-- Opening Marker --

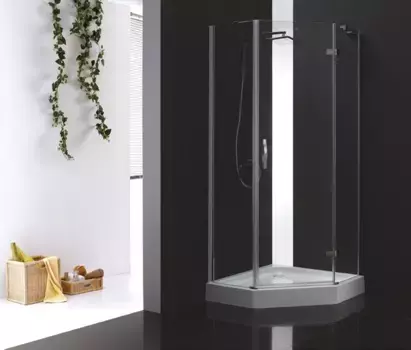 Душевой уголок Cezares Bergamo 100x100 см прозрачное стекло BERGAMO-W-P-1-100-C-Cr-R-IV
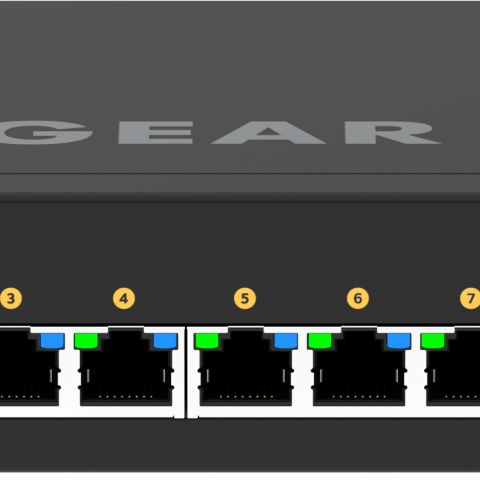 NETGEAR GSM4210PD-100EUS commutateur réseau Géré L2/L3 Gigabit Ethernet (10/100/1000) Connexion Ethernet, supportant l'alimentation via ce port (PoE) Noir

-- Closing Marker --
-- Opening Marker --

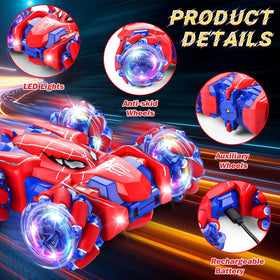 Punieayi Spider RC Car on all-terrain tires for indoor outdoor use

-- Closing Marker --

:: Exercise prompt ::
Using the records above, return word for word the lines that begin at the one containing "Душевой уголок Cezares" and end at the one containing "NETGEAR GSM4210PD-100EUS commutateur", both of them included and no pictures.

:: Final answer ::
 Душевой уголок Cezares Bergamo 100x100 см прозрачное стекло BERGAMO-W-P-1-100-C-Cr-R-IV
 NETGEAR GSM4210PD-100EUS commutateur réseau Géré L2/L3 Gigabit Ethernet (10/100/1000) Connexion Ethernet, supportant l'alimentation via ce port (PoE) Noir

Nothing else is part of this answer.